Related to this is the negative edge of nostalgia--not necessarily trauma, but the momentum of habit that we are often blind to while ending up in the same difficult situations time and again. Behavioral loops that get stuck on repeat in our psyches even as we age and conditions change, that continue to manifest in different guises that we mistakenly perceive as coming from outside of ourselves. In this way, our past, present, and future selves are contained in this one moment, with parts of ourselves frozen in the past.
Feedback loops are an extreme manifestation of this, the closed loop producing monstrous things with exaggerated features in our lives, dreams, and societies, frightening us until we can cultivate enough equanimity to face them head-on. The exaggerated, maybe even cartoonish, character of our demons when left unchecked kind of fits with the bit of camp horror in the design for Inferno.

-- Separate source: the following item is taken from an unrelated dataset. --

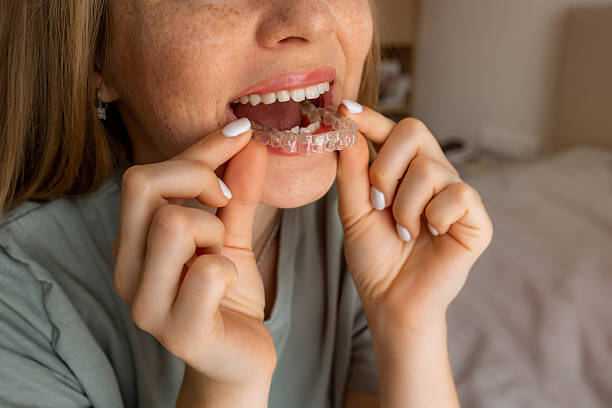 istock Woman inserting transparent dental aligner for teeth correction therapy at home 2227846043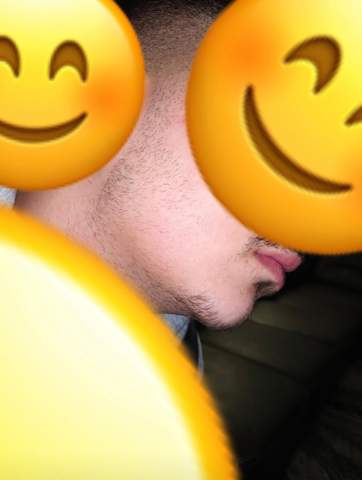 - (Haare, Bartwuchs)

Moreover, the relationship between electronic materials and folks who consume/use them involves power dynamics. The internet as it exists today, threatening presence of social media, surveillance capitalism, genAI, and all, is an extreme example of this--truly a sort of inferno in its own right. It exploits and amplifies our human faults to a point of self-destructive feedback. Simultaneously, it offers a hypnotizing facsimile of experience in the form of a never-ending kaleidoscope of recorded past events while the powers that be exploit and destroy more and more of the world and the human spirit.
Inferno isn't strictly a dark album. It's also about the process of turning to face your demons--individually and as a society--in order to transcend and move beyond them. To thaw the frozen parts inside. To befriend those exiled aspects of our psyche so we can rescue ourselves from the havoc they wreak when left unchecked.
Inferno is an invitation to shadow work, and Giraud's Mirror points to an artifact that seems to reach toward--but never quite succeeds in--transcending time.
Perhaps Giraud's Mirror encapsulates even more than the 5 albums of their mainline discography. Its supposed 1983 recording date is another piece of the puzzle--and this is where things start to appear grander. Before Boards of Canada, it's known that the brothers were dabbling in recording music at least as early as 1983. If Giraud's Mirror contains material that one or both brothers recorded in 1983, and Inferno finished production in 2025, that would, technically speaking, make Inferno an album 42 years in the making. What is Inferno about?
In the words of Douglas Adams: "life, the universe, and everything!"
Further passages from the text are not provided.